Any lawyers available to advise on what the term means in Jersey law?

“Since then, next of kin has often continued to be incorrectly treated in the medical setting as if it were a legal entity. Hospital records, for example, invariably document the name of the patient's next of kin. Although the term can have a role in the allocation of property rights, those identified as having such rights do not thereby acquire rights in relation to medical decisions. It is, for example, well established that in the case of incapacitated patients, someone identified as next of kin in relation to property has no legal right to consent to or refuse treatment on behalf of the patient”

And they give an illustration of just how difficult decisions can be:

“Anne Cole is 38 years old and has a family history of cancer. Her mother died of breast cancer at the age of 42 and her maternal grandmother developed breast cancer in her late 40s. Her maternal aunt died three years ago from an abdominal malignancy, aged 56. Ms Cole wants to know whether she is at increased risk of developing breast cancer and what measures she can take to prevent it or improve her prognosis should she develop it.”

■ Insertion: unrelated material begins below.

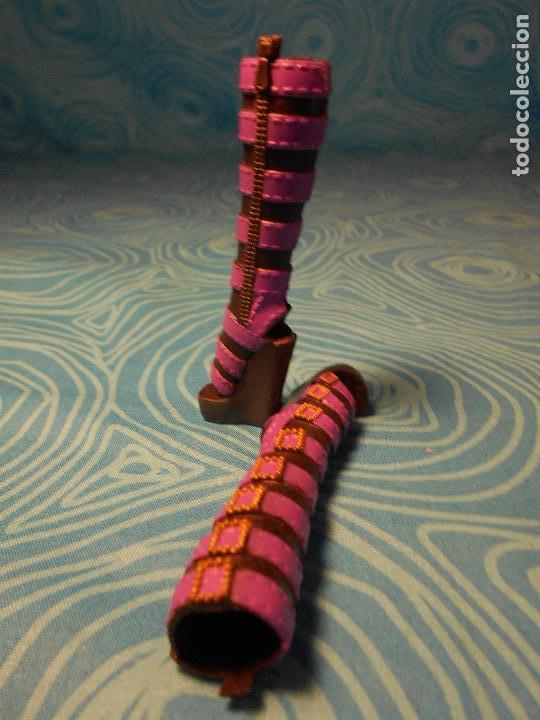 Mu&ntilde;ecas modernas: BOTAS ORIGINALES MU&Ntilde;ECA MOSNTER HIGH - Foto 2
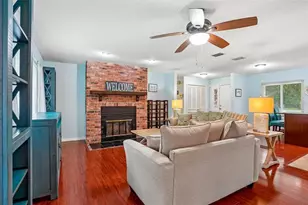101 W Lemon St, Lady Lake, FL 32159 - Photo 9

“In the case history above, the information requested concerns the precise nature of the abdominal malignancy of Ms Cole's aunt. The benefit of this information is that it would give Ms Cole a clearer idea of her risk of cancer and thus a clearer idea of what surveillance or prophylactic options would be appropriate. The risk of harm (to the memory of the aunt) is that information held within the histology report might be particularly sensitive—for example, if the malignancy was AIDS related and the aunt had not wanted her family to know about this.”

They conclude that the benefits to the living should usually outweigh the privacy of the dead, because such information could be significant is preventing another’s death:

“Clearly, clinicians will have to assess the harms and benefits of each case to decide an appropriate course of action. This is a balancing exercise with which most clinicians will be familiar. We believe, however, that in many cases, if not most, the balance ought to fall in favour of disclosure. We support recent recommendations that doctors should be able to access information about a dead person if it is important for the prediction of disease in family members; there is no good reason to believe that the person had or would have objected to such access; accessing the information is not against the person's interests; and the policy is openly disclosed”

So there are two areas where privacy might be waived. One is where medical practioniers themselves may have contributed to a relatives death, and clearly in this instance, they should not be responsible for taking a decision not to release patient records. The other is where genetic information could prove invaluable for preventing risk of a relative dying, and in this case, there should almost always be a presumption in favour of the living.

It’s an interesting subject, and one which I was completely ignorant of until I read Deputy Hilton’s question, and decided to explore the matter further.